08-23-2010 – Day 20/Part
2 – Love is Jesus Christ
So apparently I was a complete a$$ yesterday. I misread the
entire the day. Laura and I sat down this morning and had a good talk. We were
heading out to martial arts class today and I wanted to clear the air and get
on the same page so we could have a good day. Laura told me that she tried very
hard yesterday to give us ‘us’ time by calling me outside to sit on the swing
together and talk and then again to spend time in the bedroom, talking before
bed. She told me that I was upset with her and wouldn’t talk. She was right, what
could I say? I apologized and told her that the day was stressful and that she
was right, I didn’t see her attempts to get us together and was rude and
inconsiderate. She hugged me and we ended up having a great day. On the way
home she suggested we go out for dinner so we came home, showered and got the
kids some pizza and went out for a date. We had a great evening, ate at a new
Japanese restaurant and talked about everything, us, other people’s
relationships and our future. I felt like the old Laura and I again. She did
tell me that she loved me again and that I shouldn’t questions why, that it was
her praying, her thinking and God’s plan that we are together. It sounded like
wise advice to me. I am just thankful that we are still together through all
I have been feeling much better since handing my life over
to God. I still get urges to check her e-mail, lean over her shoulder when she
is on Facebook, but I am controlling these much better. I haven’t felt really
jealous of anything she has said or done in a while now. God has calmed me and
given me a better view and understanding of my marriage and my wife.
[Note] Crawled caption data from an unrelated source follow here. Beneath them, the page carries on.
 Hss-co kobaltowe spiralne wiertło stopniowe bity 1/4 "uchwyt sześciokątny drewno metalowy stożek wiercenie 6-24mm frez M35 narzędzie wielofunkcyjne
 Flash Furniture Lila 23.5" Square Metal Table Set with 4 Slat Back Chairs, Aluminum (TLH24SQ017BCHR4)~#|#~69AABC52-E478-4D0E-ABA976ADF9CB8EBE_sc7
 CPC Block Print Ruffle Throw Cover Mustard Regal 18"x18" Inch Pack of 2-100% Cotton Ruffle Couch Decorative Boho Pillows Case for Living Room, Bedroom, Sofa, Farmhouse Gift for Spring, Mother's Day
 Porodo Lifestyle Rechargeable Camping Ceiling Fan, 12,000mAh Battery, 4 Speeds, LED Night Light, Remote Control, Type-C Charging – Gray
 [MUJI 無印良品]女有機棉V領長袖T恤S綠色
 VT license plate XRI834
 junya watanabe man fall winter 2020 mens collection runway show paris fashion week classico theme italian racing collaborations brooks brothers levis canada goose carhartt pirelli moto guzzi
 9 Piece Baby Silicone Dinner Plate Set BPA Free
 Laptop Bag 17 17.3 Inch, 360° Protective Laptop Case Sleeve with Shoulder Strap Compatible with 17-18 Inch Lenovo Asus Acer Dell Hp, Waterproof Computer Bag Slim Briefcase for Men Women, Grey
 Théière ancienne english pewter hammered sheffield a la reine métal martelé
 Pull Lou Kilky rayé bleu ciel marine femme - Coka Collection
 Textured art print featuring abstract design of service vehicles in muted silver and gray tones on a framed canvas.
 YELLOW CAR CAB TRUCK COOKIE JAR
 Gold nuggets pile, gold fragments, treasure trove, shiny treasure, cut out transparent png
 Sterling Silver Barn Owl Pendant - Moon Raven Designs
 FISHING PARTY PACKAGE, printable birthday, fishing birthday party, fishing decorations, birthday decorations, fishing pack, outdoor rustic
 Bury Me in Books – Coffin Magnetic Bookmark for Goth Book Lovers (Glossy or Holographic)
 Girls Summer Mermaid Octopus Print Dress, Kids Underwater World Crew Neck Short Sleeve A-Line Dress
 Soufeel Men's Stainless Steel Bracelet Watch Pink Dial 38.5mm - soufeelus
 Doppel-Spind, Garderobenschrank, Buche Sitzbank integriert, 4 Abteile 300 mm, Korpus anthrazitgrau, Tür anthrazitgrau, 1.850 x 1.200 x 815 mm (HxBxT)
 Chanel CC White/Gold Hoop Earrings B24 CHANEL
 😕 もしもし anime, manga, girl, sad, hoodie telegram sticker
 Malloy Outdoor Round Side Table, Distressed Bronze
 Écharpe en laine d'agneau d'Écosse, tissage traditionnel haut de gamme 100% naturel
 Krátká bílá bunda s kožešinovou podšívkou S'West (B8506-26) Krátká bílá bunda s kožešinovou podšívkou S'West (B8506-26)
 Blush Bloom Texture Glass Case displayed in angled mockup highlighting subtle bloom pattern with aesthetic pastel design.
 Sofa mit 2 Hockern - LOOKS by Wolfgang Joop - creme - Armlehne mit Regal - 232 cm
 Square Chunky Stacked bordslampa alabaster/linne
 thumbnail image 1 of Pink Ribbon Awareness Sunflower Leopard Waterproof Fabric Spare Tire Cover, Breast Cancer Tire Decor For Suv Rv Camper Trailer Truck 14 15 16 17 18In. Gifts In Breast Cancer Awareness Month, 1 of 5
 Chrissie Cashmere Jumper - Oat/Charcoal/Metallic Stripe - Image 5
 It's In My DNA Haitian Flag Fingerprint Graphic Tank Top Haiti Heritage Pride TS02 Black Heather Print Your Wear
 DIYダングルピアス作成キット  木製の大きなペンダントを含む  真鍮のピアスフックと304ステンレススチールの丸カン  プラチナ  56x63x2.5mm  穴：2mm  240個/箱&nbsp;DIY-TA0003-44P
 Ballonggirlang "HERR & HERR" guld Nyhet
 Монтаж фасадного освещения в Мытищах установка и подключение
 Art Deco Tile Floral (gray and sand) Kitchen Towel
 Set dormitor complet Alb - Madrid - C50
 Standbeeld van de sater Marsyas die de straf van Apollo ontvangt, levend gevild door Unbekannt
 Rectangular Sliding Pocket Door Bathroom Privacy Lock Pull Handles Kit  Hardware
I am a newer Christian, I only gave myself to God in April
(during the 1st Love Dare) so I am still learning. Today’s dare
asked me how I felt He has shown His love to me. That is easy! I prayed and He
softened my wife’s heart and He has guided Laura and I back together. He has
literally saved my life and my marriage. I prayed and He made huge changes in
my life and continues to do so every day. I am amazed every day at the changes
I have seen in my life since I allowed and welcomed God in. I am truly blessed.
Thank You God, for guiding my wife back to me. Thank You
God, for changing me for the better, and allowing me to stay as a family with
my wife and children. Thank You God, for giving me peace and making me calm,
helping to eliminate my jealousy and self doubt. Thank You God, for making me
happy again. Amen.
Praise Him always.... Now, as a new Christian. Seek, and you shall find, knock and it shall be open to you, ask, and you shall receive.
This is how you get to know Him better. Always seek Him out. Always knock to get to His love and always ask for His direction.
And when you are doing things in His honor you can never go wrong.
God bless you and your wife. But the journey is just getting started.